(I’m recovering from a cold, and on deadline for a book, so my apologies that this post is a little late and a little short.)

Today’s piece of "classic scholarship" was published in Public Choice in 2003. The authors, Jeffrey Haymond and James E. West, took a public-choice perspective on the class action, arguing that class actions are basically a wealth-transfer from corporations to plaintiffs’ lawyers. (In this case, it’s not something that class-action lawyers should take personally. Public choice theory tends to treat any movement of money as a "wealth transfer." Taxes are a wealth transfer. So are campaign donations.) As they put it:

[A]n examination of class action lawsuits leads to a similar model of extortion, not political but legal extortion. In this theory, trial lawyers have obtained a conditional property right to impose costs via the class action lawsuit. They have obtained this right bypassing the bar (whereby government restricts competition from others).

This was hardly the first article to argue that class actions were a form of "legal extortion" (by threatening costly litigation), but it was one of the first to actually describe the mechanisms by which the economic pressure occurs before certification. The lawyers also offered an argument for why a legislature (the usual subject of public-choice analysis) would delegate the collection of this wealth transfer to private lawyers rather than hold onto it themselves:

Trial lawyers have contributed handsomely to politicians, especially those supportive of plaintiff’s right to sue.

In addition, when private parties pay for the right to extract private rents, the extraction is one step removed from the political realm, making it easier for politicians to avoid blame in the aftermath of egregious verdicts.

These arguments have been well-rehearsed over the years. (And, to some degree, they have been ameliorated by legal reforms such as the enactment of CAFA, which reduced the potential problems from some elected state-court judges who might favor–consciously or unconsciously–plaintiffs who had contributed to their campaigns.) Nonetheless, the article is still worth a read, if only for its empirical work on what happens when a company is "threatened" (by press release or complaint) with a class action.

[T]he change in daily rate of return when the threat of a class action lawsuit was issued is negative and highly significant across both model specifications and all three event window durations, all well above the 99% level of significance.
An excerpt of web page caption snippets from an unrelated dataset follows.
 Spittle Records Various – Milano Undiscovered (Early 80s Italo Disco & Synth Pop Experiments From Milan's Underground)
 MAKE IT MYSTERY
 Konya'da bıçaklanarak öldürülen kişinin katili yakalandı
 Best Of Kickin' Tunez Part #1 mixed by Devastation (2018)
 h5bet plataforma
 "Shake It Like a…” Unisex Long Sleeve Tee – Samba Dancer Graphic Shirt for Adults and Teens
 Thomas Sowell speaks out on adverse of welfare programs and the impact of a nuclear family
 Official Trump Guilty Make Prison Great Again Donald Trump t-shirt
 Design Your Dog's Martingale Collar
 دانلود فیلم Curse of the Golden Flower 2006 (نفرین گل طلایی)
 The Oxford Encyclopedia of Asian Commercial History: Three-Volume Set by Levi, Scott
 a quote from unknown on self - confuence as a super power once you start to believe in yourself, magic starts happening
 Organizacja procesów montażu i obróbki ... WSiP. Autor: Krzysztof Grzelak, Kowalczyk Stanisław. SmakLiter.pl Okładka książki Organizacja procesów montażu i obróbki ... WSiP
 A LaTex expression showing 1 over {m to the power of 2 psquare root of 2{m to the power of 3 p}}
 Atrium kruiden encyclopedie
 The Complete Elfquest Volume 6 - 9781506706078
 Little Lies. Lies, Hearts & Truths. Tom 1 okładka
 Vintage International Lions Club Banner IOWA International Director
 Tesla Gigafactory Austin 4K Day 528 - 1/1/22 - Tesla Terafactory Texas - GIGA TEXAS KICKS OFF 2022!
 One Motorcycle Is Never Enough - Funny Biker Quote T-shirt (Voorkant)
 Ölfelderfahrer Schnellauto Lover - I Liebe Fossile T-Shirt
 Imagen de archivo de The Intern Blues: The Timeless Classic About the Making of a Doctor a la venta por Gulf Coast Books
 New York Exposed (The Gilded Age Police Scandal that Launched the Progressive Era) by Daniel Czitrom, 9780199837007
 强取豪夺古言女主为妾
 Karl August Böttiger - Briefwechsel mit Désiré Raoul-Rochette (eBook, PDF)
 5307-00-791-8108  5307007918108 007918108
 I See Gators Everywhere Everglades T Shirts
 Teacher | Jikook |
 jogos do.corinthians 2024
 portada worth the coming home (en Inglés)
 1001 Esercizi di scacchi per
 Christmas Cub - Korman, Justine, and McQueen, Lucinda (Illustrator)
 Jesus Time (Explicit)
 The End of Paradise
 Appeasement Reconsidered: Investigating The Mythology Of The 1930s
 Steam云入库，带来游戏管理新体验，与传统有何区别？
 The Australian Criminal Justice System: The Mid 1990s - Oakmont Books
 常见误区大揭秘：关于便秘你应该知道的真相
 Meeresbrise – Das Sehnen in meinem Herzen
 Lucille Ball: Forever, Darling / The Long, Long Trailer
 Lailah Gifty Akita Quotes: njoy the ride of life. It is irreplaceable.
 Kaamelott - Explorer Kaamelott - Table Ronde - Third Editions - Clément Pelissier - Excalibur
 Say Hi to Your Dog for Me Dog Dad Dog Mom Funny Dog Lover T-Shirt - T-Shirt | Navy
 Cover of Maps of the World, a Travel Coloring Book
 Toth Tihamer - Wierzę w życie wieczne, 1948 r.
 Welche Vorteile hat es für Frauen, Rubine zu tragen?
We found that most of the individual firms had a negative return when the threat of a class action lawsuit was issued, with around 70% of the cases in each treatment being negative. In short, we find the data consistent with Hypothesis 1 as described above.
Given the strong results … it appears that on average a statistically significant reduction in return is observed when the threat of a class action lawsuit is issued. Whether our data is more consistent with legal rent extraction or a public interest hypothesis is determined by whether or not a significant increase in return of sufficient size is observed when the threat is retracted.

It is this research that keeps the article relevant even today. Among other things, it suggests that class counsel in securities cases who engage in publicity when filing their lawsuits may in fact be harming the interests of the same investors that they claim to protect.

Important disclaimer (which I may not include often enough): just as every population has a little rogue in it, so does every population have conscientious and hardworking folk.  I met many of these among the state judge population recently at the annual meeting of the American College of State Court Business Judges.  I have also been lucky to correspond with a number of conscientious, hardworking, and honest plaintiffs’ lawyers in the past year.